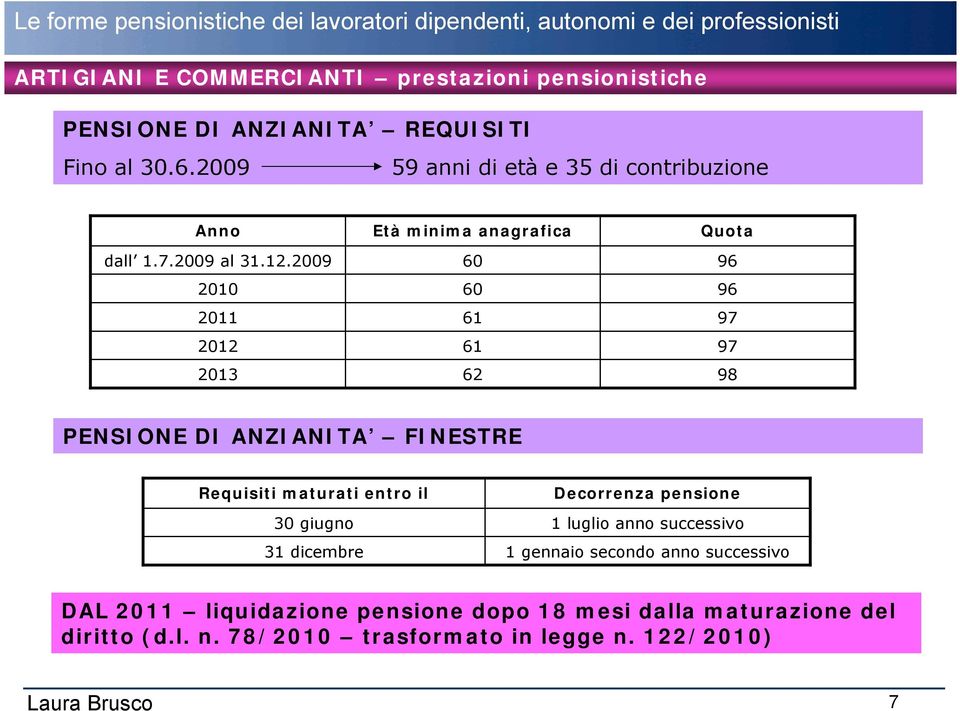 2009 2010 2011 2012 2013 Età minima anagrafica 60 60 61 61 62 Quota 96 96 97 97 98 PENSIONE DI ANZIANITA FINESTRE Requisiti maturati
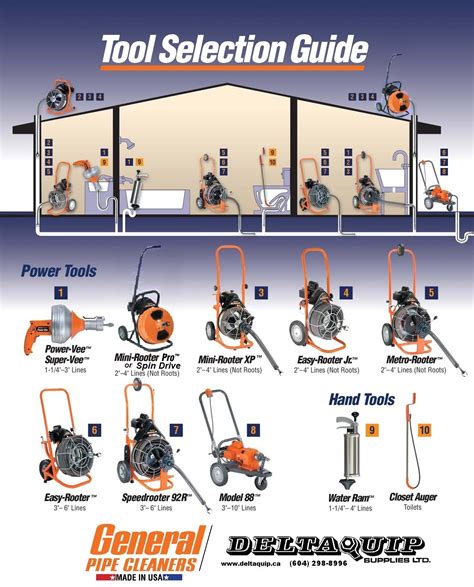 General Mini Rooter Parts Diagram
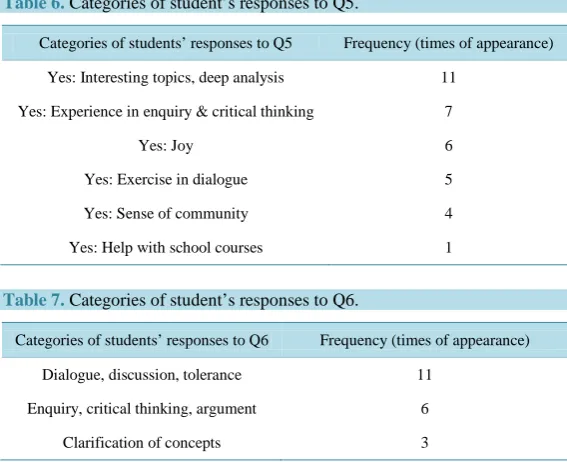 Table 6. Categories of student’s responses to Q5.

□ □ □

Output the data above without changes, apart from leaving out the pictures.

 2009 2010 2011 2012 2013 Età minima anagrafica 60 60 61 61 62 Quota 96 96 97 97 98 PENSIONE DI ANZIANITA FINESTRE Requisiti maturati
 General Mini Rooter Parts Diagram
 Table 6. Categories of student’s responses to Q5.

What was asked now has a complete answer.